Port Angeles School District mulls staff layoffs

PORT ANGELES — Port Angeles School District teachers and other employees will learn next week how many jobs will disappear next year — and there might be a chance that no staff members will be laid off.

Last week, the Port Angeles School Board approved as many as 47 layoffs for the 2012-2013 school year, including 25 teachers and 22 classified staff.

The loss of that many positions would be a worst-case scenario, Superintendent Jane Pryne said Monday.

There is no indication that the total number of layoffs mentioned will occur, she said.

While there is almost certainly going to be a reduction of the number of employees, there may be no actual layoffs, Board Member Steve Baxter said.

“There is every possibility if there are enough retirements or other voluntary exits we could have a zero cut,” Baxter said.

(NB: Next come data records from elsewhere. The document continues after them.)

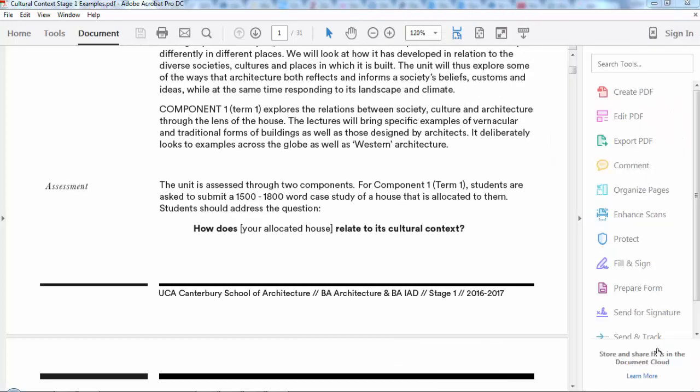Hello, I'm Anna Holder and I run the Cultural Context Stage 1 unit with Kim Trogel. What we do in this unit is look at the relationships between society, culture, and architecture, to start off with, through the lens of the house.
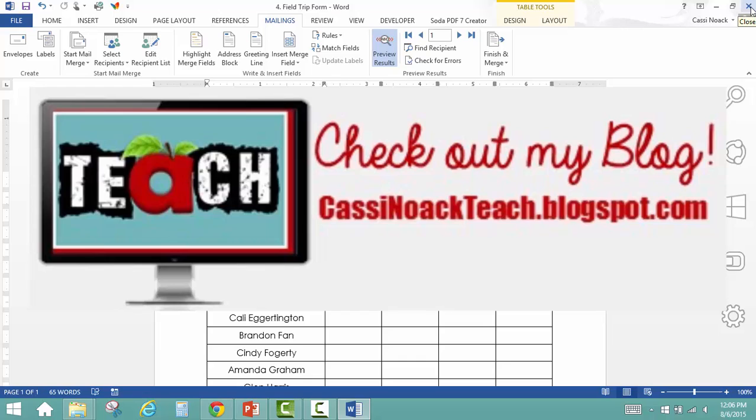If you have any questions on this you can email me at Cassie Nowak at gmail.com. Thank you.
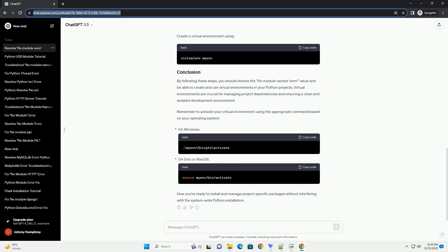Make sure you are using a version of Python that supports the venv module. The venv module is available in Python 3.3 and later versions. Check your Python version by running the version command. If your Python version is 3.3 or later, the venv module should be available.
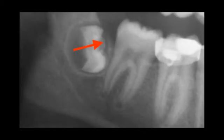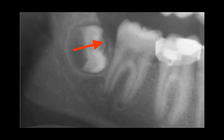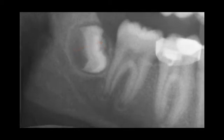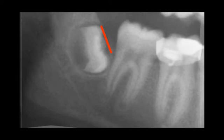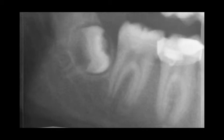Here you can see the wisdom tooth is growing in an almost horizontal direction. As the tooth develops, you can see it push through the hard outer surface of the lower jawbone. There are a couple areas of concern when a wisdom tooth is developing in this direction.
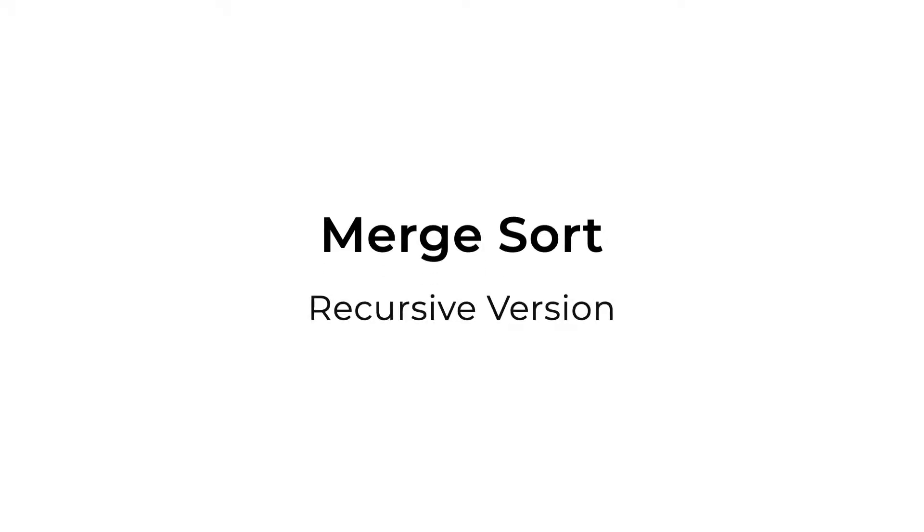Welcome back to the channel. In today's video, we'll be focusing on the recursive version of the merge sort. If you're new here, my name is Teresa. I'm a software engineer and on this channel, I post coding tutorials like this one as well as some casual daily life vlogs. Let's begin.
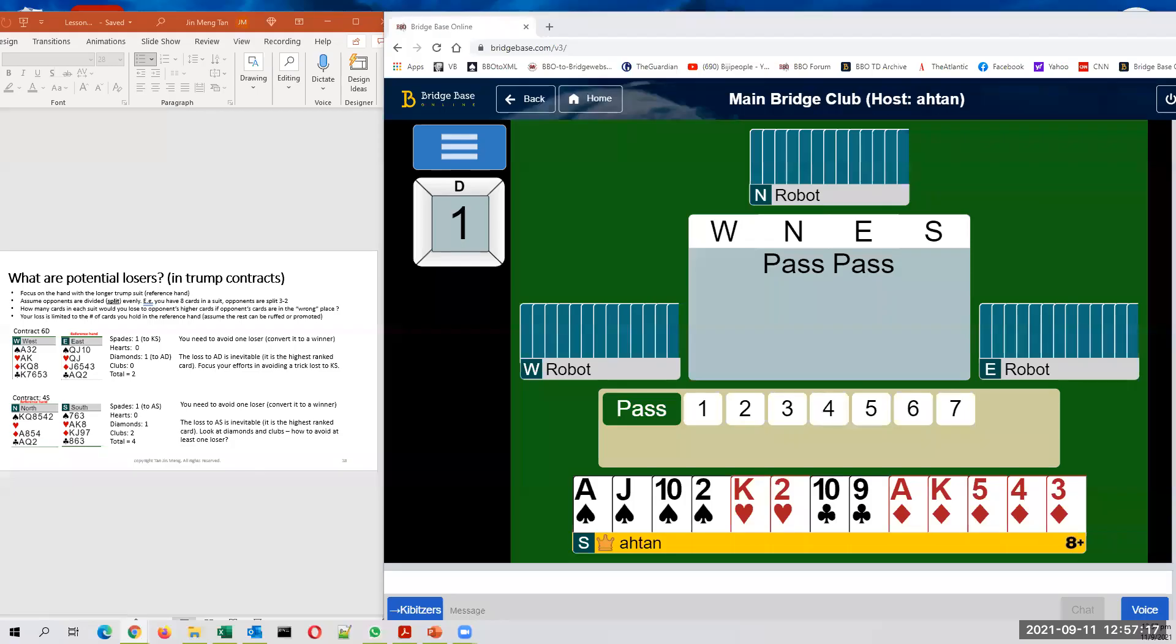Hi. In this video, we're going to count potential losers. You count potential losers in trump contracts. What you want to do is count the potential losers and then decide how many potential losers to avoid in order to make your contract.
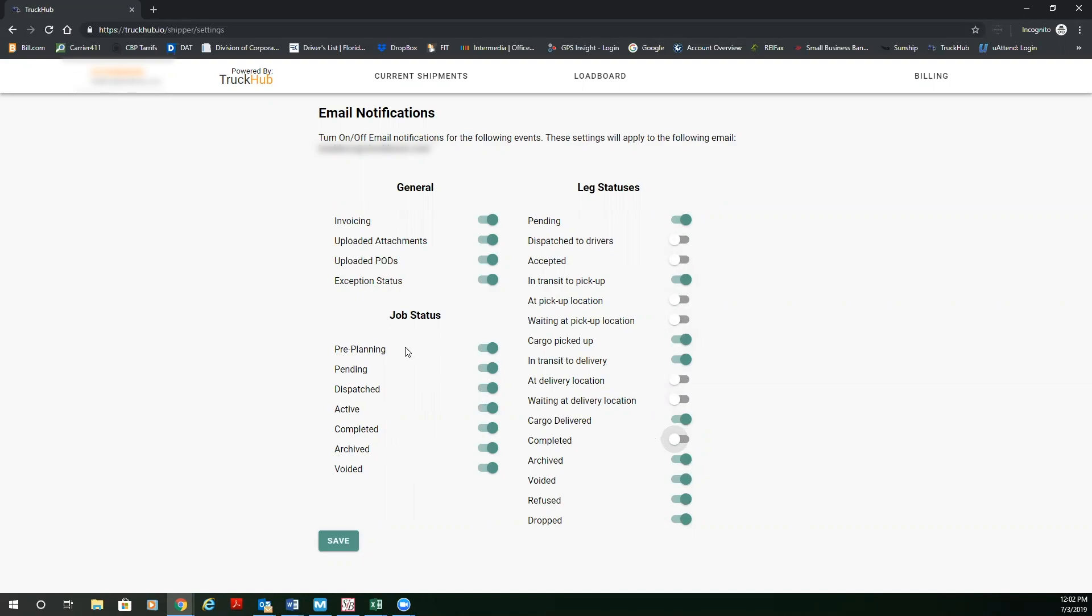And these email notifications will happen in real time based on the driver tablet and the driver geofencing the pickup, in transit, and delivery location. So this is going to automate and provide you real time visibility still by your email on all your orders. The next thing you're going to do is you're going to save.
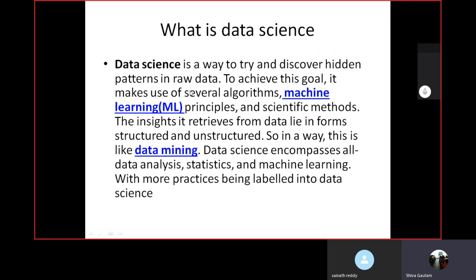Data science and machine learning are both connected with each other. Data science is used to analyze the data, and machine learning is used to represent the logical implementation on that data. If you are implementing any dynamic implementation on data, you can apply machine learning algorithms. So machine learning is the logical part and data science is the physical part — data science is completely correlated with data. To achieve this goal, it makes use of several algorithms, machine learning principles, and scientific methods.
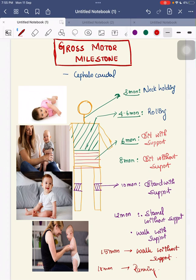So this is the sequential order for your gross motor milestones. You don't need to memorize everything — you just need to remember the sequential order: neck holding, roll over, sit with support, sit without support, stand with support, stand without support, walk with support, walk without support, and running.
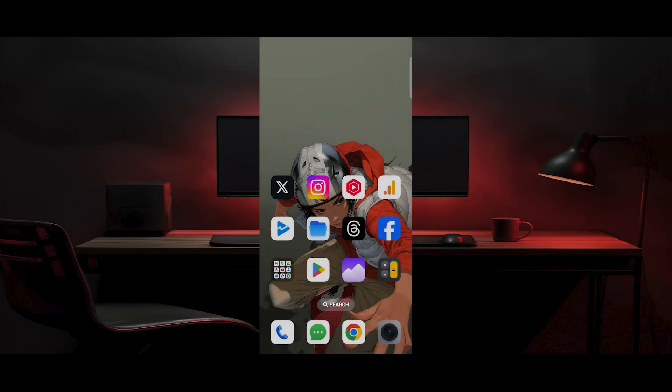Hello everyone, in this video I am going to show you how to run Windows 10 on your Android phone.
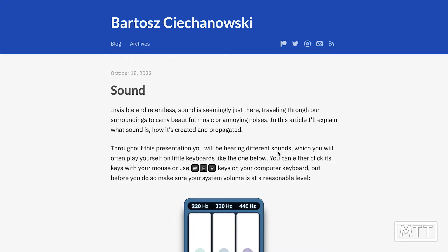There's a link in the description to this page, this guy's site — Bartosz, I believe I'm pronouncing it wrong, no doubt. I'm not even going to attempt the surname. His site is a fantastic joy. Every few months, he comes up with a long and detailed post with some fantastic programming, which allows you to explore the topic in question.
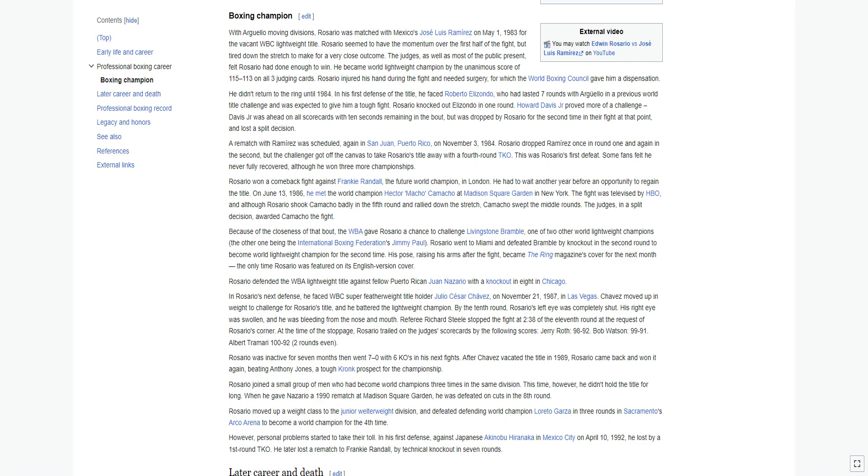At the time of the stoppage, Rosario trailed on the judges' scorecards by the following scores: Jerry Roth, 98-92; Bob Watson, 99-91; Albert Tremari, 100-92, two rounds even.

The board had to take action, despite lacking final numbers, because of a May 1 deadline under a contract with the teachers union to notify any personnel that could be affected.

The final number of positions to be eliminated will be announced May 4, when the School Board agenda is released for the May 8 board meeting, Pryne said.

Notifications of layoffs are required to be provided to teachers in positions that would be eliminated by May 15.

Layoffs will be based on the number of students who are projected to return to local schools this fall. That number comes from estimates the district has nearly completed, Pryne said.

In the past year, the district’s enrollment dropped by 144 students, mostly at the elementary-school level.

Although state per-student funding stabilized this year after several years of cuts, the district — like other districts on the North Olympic Peninsula — has experienced a pattern of falling enrollment for the past few years.

The trend is expected to continue for the next 15 years, according to district research.

As of April 1, the district’s five elementary schools enrolled 127 fewer students than in April 2011 — the equivalent of five classrooms of children.

When the state budget crisis began in 2008 and the state slashed the education budget, the district formed a committee to create a list of programs that could be cut from the budget that would have minimal effects on classrooms, Pryne said.

She noted that the district has been whittling away at the programs identified by the committee since then, as state school funding fell annually.

“We have nothing left on our list,” she said.

The state education budget stabilized for the 2012-2013 school year, but increasing costs of insurance and declining enrollment will continue to erode the district’s budget.

The loss of elementary students prompted the board to consider closing the oldest school in the district.

In January, the board voted to keep 57-year-old Franklin Elementary School at 2505 S. Washington St., for another year or two but said the school’s days are numbered.

Franklin is the largest elementary school in the district, and there is not enough room at other schools to take all of its students.

The district has been tracking students who withdraw from school, and most of the departing students have moved out of the district, Pryne said.

At the high school level, there are 10 fewer students in classrooms this year compared to last year, but an enrollment of 63 students was above the district’s projections.

The pattern of losing more students in elementary schools than in high school reverses the usual trend, Pryne said.

In the past, the district had problems with high school graduation rates, but more students are staying in school and graduating, she said.

Enrollment at Stevens Middle School is nearly unchanged, she added.

The middle school was identified by the state Department of Education as one of the top middle schools in Washington for the past two years.